Nuclear power plants in the region were conducting safety checks, public broadcaster NHK reported, adding that the government had set up a response room at Prime Minister Sanae Takaichi's office.
An offshore tsunami has been observed around 6 miles off Iwate prefecture in northeastern Japan, NHK reported. A tsunami wave around a foot tall was also reported farther north off Erimo Town, the broadcaster said.
Waves of up to a foot and a half were recorded near the town of Urakawa, NHK said.
Japan suffered one of its worst natural disasters on March 11, 2011, when it was hit by a 9.0-magnitude earthquake — the strongest in the country's history.
A deadly wall of water slammed through the walls of the Fukushima Daiichi nuclear plant, knocking out power supply, including backup generator, and flooding parts of the facility. Three nuclear reactors melted down, spewing radioactive particles into the air.
Japanese officials found “no abnormalities” at Fukushima, the International Atomic Energy Agency said early Tuesday.

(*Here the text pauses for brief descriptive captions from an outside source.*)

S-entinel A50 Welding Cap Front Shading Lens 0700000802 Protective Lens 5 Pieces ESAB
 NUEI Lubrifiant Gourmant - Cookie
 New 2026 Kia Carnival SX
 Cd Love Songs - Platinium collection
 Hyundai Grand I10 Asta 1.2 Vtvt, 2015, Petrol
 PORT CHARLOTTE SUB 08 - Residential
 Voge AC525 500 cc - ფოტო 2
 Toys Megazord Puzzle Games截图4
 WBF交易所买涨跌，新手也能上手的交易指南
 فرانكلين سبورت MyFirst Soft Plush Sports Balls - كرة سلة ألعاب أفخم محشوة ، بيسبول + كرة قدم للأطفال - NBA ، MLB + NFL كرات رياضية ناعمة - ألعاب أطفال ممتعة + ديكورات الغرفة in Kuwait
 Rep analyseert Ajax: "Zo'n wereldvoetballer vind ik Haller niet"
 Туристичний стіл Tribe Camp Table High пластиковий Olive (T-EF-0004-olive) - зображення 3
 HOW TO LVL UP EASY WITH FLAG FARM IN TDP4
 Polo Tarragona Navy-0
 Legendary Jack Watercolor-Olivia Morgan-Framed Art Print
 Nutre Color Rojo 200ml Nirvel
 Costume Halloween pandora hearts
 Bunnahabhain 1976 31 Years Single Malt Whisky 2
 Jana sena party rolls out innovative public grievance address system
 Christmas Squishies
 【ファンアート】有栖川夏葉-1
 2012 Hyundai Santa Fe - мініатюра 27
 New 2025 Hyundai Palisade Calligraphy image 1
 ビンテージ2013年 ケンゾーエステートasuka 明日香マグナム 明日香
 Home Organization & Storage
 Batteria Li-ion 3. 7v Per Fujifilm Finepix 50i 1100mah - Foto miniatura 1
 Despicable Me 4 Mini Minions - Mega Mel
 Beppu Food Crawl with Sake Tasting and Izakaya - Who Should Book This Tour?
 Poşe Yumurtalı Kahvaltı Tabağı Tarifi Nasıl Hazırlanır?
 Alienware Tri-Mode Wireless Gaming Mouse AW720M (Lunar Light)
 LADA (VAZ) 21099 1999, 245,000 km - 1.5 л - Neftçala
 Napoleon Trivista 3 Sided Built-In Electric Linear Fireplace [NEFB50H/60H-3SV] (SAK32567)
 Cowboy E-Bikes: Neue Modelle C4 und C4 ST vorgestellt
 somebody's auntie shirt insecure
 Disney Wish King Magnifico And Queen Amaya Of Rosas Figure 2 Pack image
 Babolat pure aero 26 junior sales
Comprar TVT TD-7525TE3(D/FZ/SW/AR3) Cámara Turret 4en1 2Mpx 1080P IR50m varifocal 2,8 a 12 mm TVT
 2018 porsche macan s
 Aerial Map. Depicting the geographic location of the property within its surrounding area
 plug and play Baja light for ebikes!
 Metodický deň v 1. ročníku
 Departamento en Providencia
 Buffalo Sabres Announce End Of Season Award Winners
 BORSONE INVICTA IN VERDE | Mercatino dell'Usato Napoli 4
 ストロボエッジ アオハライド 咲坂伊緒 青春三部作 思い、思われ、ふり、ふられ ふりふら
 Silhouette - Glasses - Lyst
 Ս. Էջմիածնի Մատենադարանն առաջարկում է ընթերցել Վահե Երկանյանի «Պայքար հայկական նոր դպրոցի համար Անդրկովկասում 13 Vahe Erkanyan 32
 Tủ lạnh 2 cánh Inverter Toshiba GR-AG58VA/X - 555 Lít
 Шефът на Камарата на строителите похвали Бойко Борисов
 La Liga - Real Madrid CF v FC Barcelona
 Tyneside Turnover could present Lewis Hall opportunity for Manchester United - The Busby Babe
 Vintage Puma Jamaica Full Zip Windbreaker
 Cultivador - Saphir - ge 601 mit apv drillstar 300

While the Japanese government and the plant’s operator, the Tokyo Electric Power Company, have worked to contain the damage, thousands of residents have been forced to leave their homes, and much about the site’s highly radioactive interior remains a mystery.
Despite opposition at home and abroad, Japan started releasing more than 1 million tons of treated radioactive water from the wrecked Fukushima nuclear power plant in August 2023.
Hundreds of tons of fatally radioactive melted fuel remain in tanks on land however, and the government and TEPCO have set a 30-to-40-year target to finish the cleanup by 2051, although some experts say that is overly optimistic and that it could take for a century or longer.
No specific plans for the full removal of the fuel debris or its final disposal have been decided.